▶ _Records from a collection_

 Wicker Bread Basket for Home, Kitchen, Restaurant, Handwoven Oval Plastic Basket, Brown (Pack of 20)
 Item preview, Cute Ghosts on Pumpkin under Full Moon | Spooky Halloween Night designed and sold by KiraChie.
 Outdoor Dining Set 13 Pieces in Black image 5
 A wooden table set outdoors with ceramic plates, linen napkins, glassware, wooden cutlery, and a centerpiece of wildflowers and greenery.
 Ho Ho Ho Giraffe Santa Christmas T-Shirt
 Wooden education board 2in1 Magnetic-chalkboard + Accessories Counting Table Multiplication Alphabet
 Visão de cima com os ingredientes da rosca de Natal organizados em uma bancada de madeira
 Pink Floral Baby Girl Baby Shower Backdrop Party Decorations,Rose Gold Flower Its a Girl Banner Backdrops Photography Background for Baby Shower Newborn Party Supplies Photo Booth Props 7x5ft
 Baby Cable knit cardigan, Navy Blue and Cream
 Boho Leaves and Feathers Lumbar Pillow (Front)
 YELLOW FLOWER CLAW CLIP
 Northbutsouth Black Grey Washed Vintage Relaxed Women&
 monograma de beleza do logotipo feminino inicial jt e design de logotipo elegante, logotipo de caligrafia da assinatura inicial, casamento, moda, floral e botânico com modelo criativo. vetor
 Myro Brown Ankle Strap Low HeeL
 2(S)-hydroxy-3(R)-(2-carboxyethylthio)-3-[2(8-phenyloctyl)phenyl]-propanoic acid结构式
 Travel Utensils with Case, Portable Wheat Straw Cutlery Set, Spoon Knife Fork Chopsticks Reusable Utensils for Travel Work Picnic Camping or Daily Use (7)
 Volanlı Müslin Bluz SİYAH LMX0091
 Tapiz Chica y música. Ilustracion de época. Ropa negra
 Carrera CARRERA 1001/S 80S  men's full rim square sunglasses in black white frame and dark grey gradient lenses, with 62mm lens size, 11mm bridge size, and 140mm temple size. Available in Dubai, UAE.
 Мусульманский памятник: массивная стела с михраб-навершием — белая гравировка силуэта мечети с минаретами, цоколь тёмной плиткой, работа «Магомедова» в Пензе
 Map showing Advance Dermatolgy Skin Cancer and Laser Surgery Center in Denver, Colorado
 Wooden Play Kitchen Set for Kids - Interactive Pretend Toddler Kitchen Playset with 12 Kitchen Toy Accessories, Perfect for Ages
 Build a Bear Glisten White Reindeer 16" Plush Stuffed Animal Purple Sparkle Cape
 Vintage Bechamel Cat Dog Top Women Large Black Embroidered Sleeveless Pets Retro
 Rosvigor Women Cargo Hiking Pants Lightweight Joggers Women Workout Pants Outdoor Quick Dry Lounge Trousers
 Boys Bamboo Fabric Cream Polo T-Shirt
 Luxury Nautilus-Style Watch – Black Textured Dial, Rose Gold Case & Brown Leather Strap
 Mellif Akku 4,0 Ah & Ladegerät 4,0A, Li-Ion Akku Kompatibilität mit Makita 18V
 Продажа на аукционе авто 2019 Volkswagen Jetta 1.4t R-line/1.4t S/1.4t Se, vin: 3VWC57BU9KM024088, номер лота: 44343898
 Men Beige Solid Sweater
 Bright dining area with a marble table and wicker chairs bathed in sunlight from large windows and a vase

▶ _What to work on_
The required output is every line above from the one with "Boho Leaves and" down to the one with "Build a Bear", restated word for word, ends included.

▶ _Answer box_
 Boho Leaves and Feathers Lumbar Pillow (Front)
 YELLOW FLOWER CLAW CLIP
 Northbutsouth Black Grey Washed Vintage Relaxed Women&
 monograma de beleza do logotipo feminino inicial jt e design de logotipo elegante, logotipo de caligrafia da assinatura inicial, casamento, moda, floral e botânico com modelo criativo. vetor
 Myro Brown Ankle Strap Low HeeL
 2(S)-hydroxy-3(R)-(2-carboxyethylthio)-3-[2(8-phenyloctyl)phenyl]-propanoic acid结构式
 Travel Utensils with Case, Portable Wheat Straw Cutlery Set, Spoon Knife Fork Chopsticks Reusable Utensils for Travel Work Picnic Camping or Daily Use (7)
 Volanlı Müslin Bluz SİYAH LMX0091
 Tapiz Chica y música. Ilustracion de época. Ropa negra
 Carrera CARRERA 1001/S 80S  men's full rim square sunglasses in black white frame and dark grey gradient lenses, with 62mm lens size, 11mm bridge size, and 140mm temple size. Available in Dubai, UAE.
 Мусульманский памятник: массивная стела с михраб-навершием — белая гравировка силуэта мечети с минаретами, цоколь тёмной плиткой, работа «Магомедова» в Пензе
 Map showing Advance Dermatolgy Skin Cancer and Laser Surgery Center in Denver, Colorado
 Wooden Play Kitchen Set for Kids - Interactive Pretend Toddler Kitchen Playset with 12 Kitchen Toy Accessories, Perfect for Ages
 Build a Bear Glisten White Reindeer 16" Plush Stuffed Animal Purple Sparkle Cape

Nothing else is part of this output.